[Work instruction]
Without the pictures, write the listing below out again, line for line.

[Collected data]
_____

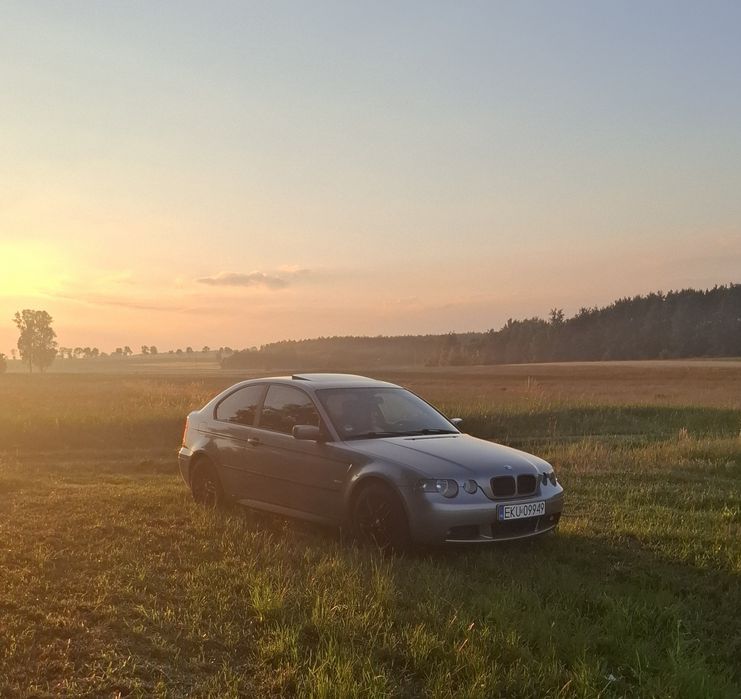 BMW e46 compact 316ti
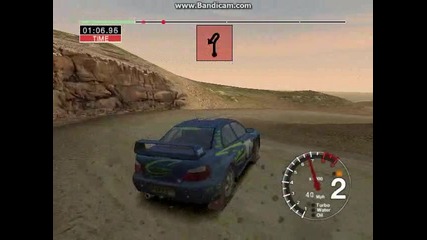 Colin Mcrae 04 - Usa - S3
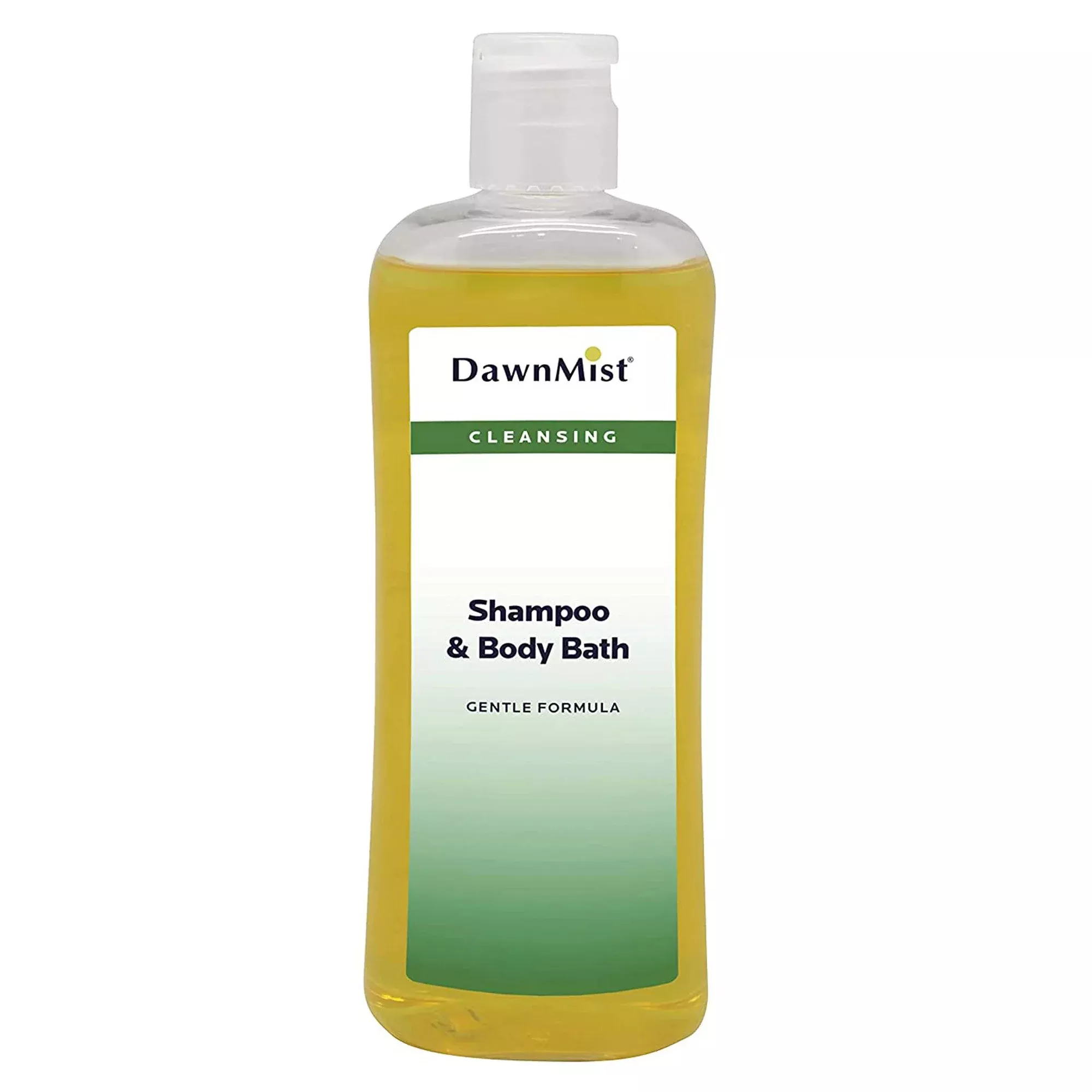 DawnMist Shampoo & Body Wash, Apricot Scent, 1 Case of 48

_____

[Exercise solution]
 BMW e46 compact 316ti
 Colin Mcrae 04 - Usa - S3
 DawnMist Shampoo & Body Wash, Apricot Scent, 1 Case of 48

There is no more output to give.